When Nate was in high school, playing football, there was one other team that used to suit up a girl. We had to work through what to do if she ever took the field. You let her run on by, and do not touch her. Taking a stand like that could easily have been turned into yet another instance of Wilson bigotries in play, when it was actually respect for the work of Christianity over centuries, building that fragile edifice called respect for women.
Some of the women who despise femininity know that they do. Others who despise it are not yet aware of the consequences of the platitudes they mindlessly repeat. When I engage with any women, and the treatment seems rough to you, remember that this treatment is not because they are differing with me. It is not because they are attacking my dignity or position. It is because feminism is the suicide bomber of femininity.
What Goes On Then?
So then, all these assembled reasons cannot be why some folks like me. Not one of them seems to ring true. I am admittedly something of a partial observer, but I am in a unique position to respond to the question. People do sometimes tell me why they like to read what I write. Let me see if I can reduce it to two factors.
I will state it simply first, and then expand on it. I believe that many people like to read what I write because I am clear, and because I fight.
Many dear Christians are fighting for all the right things, but they have been taught poorly, and their strategic plans are a muddle. They think they are in the run-up to Armageddon or something. Other Christians, academics mostly, are clear about the issues at stake, but they don’t fight. Still others, the trahison des clercs contingent, are unclear and they won’t fight. Or, if they fight at all, it is surreptitiously for the wrong side. And there are a handful of evangelical leaders who know what is happening and why, and who fight. I believe that I am one of them. Many people believe that this is what is most necessary.

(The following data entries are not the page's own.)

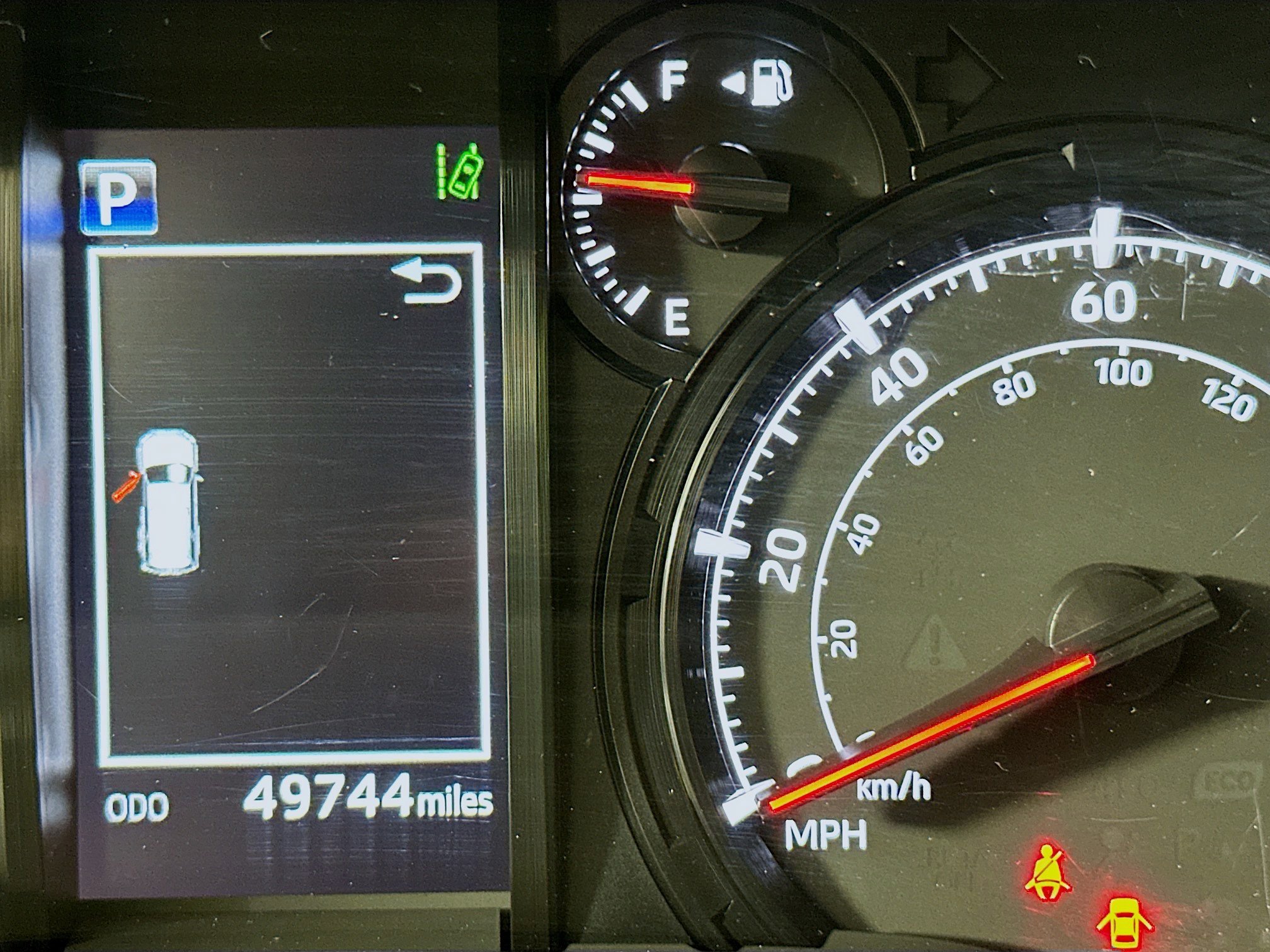 Used 2024 Toyota 4Runner SR5 AWD/4WD image 19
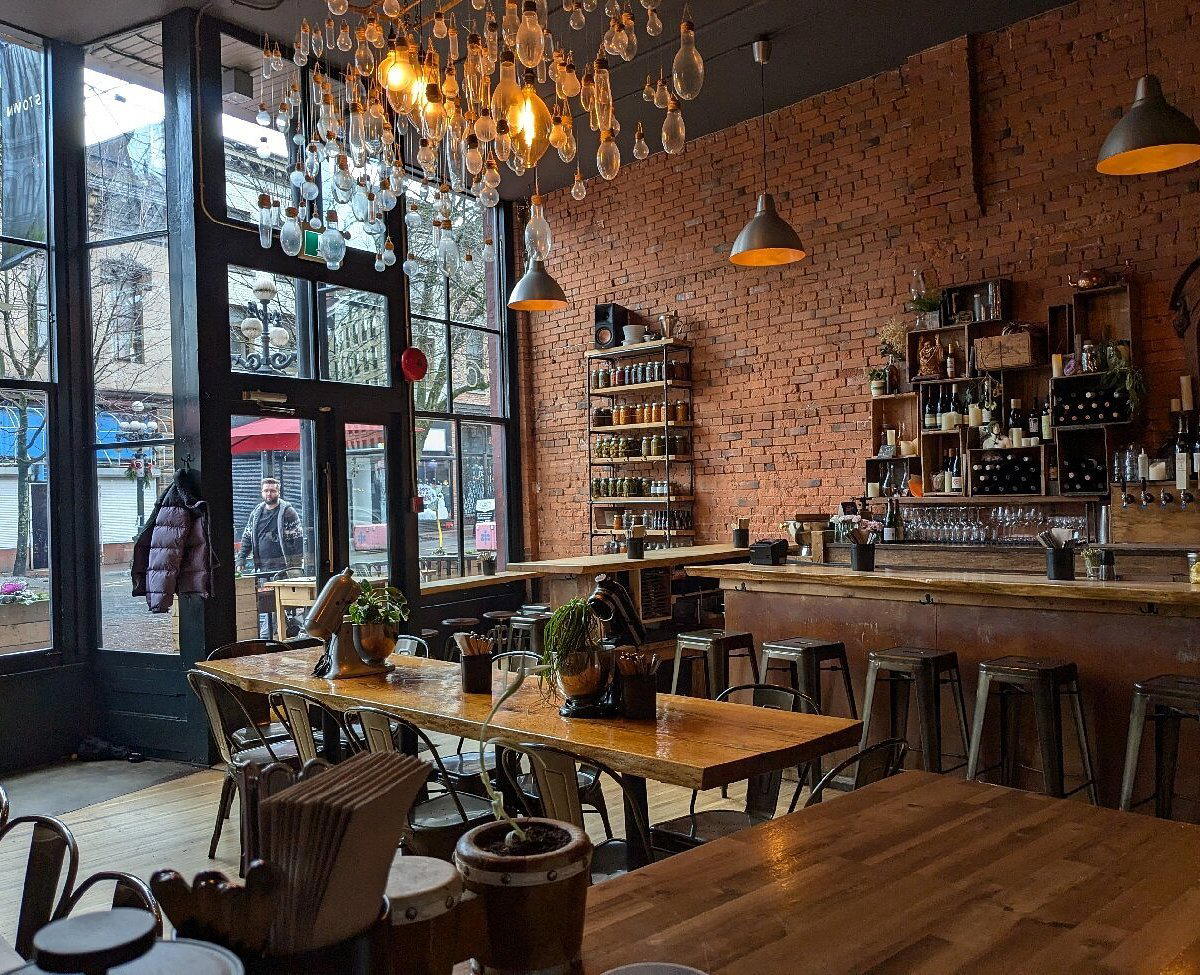 Twisted Fork, Vancouver, Canada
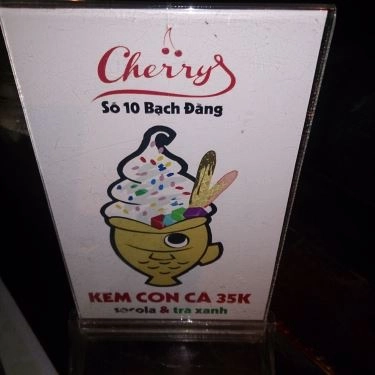 Tổng hợp- Quán Ăn Cherry's - Ice Cream - Milk Tea & Drinks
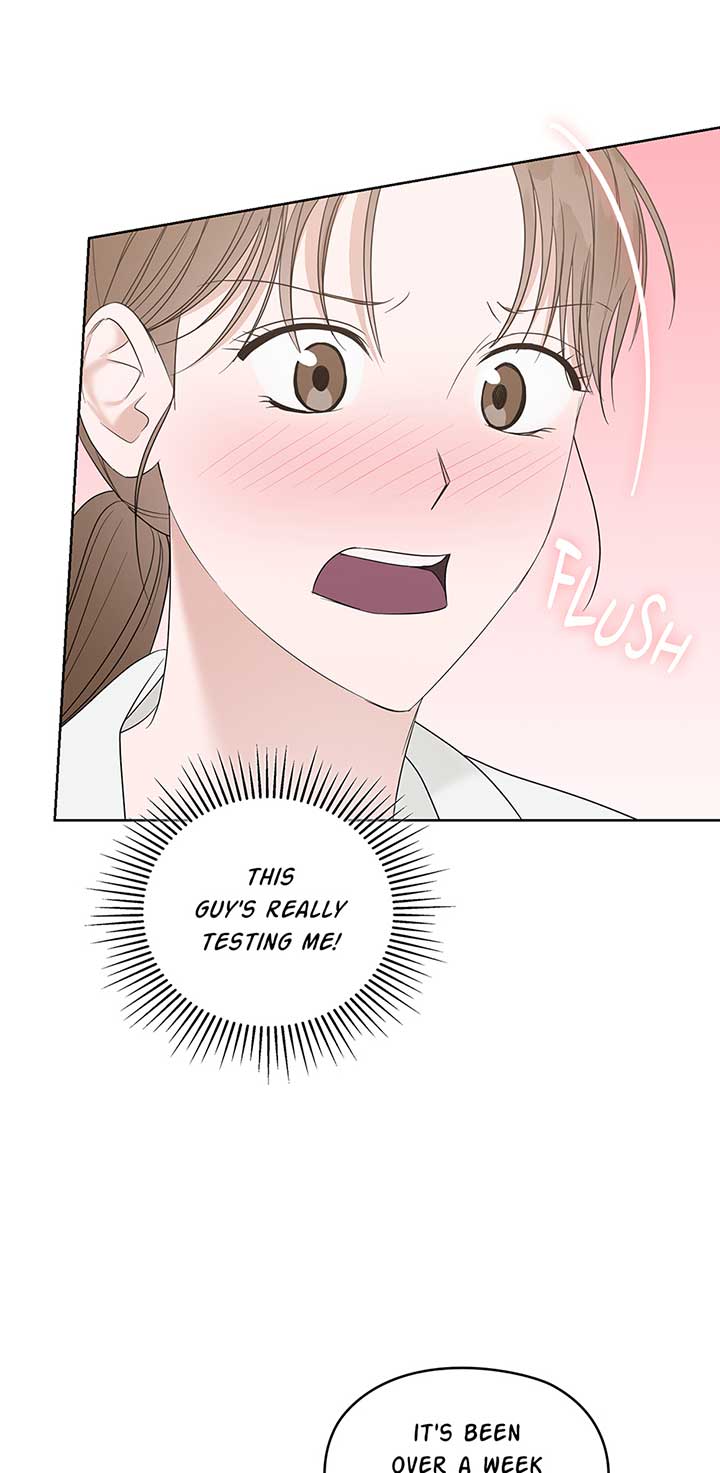 A Sneaky Blind Date Chapter 4 - Page 37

When you do this, battle is joined. Don’t be unsettled — that’s just the sound of guns. Perhaps you were thinking of sending your kid to New St. Andrews, but all the smoke and controversy has you spooked. But look — our mission as a school is to train up young men and women to be culture-shapers and to do so despite much opposition. We teach them actually to engage with the principalities and powers. We do not instruct anybody in the arts of playing spiritual paint ball.
What my upcoming documentary (early November) describes as a “free speech apocalypse” is coming down on us. Think of that as the general election. Right now we are in primary season — conservatives are deciding who will represent us when everything comes to a battlehead. Shall we be led by Denethors or Striders? By those who fight or those who will not?
If you have read this far, you are probably one of the good guys and so let me share something, just between us girls. Don’t tell anybody. Although there have always been ups and downs, taking the last 30 days, compared to this same period last year, my blog traffic has quadrupled. This is not due to the controversies about Sitler, et al. It is the other way around. The reheated pastoral controversies — resurrected from a decade ago — were urgently brought up and in as a way of dealing with the problem of my growing influence. Beginning this last summer, because of things like Bruce Jenner, abortion and race, the Obergefell decision, and the CMP videos, the impact of Mablog grew dramatically, and something needed to be done about it. It is a dirty primary, in other words. But don’t get distracted by that — if the primary is like this, what will the general be like?
The response to this will no doubt be something like “you poor, persecuted buddy.” But actually, I don’t feel that way at all. I actually think that this is what I am built for.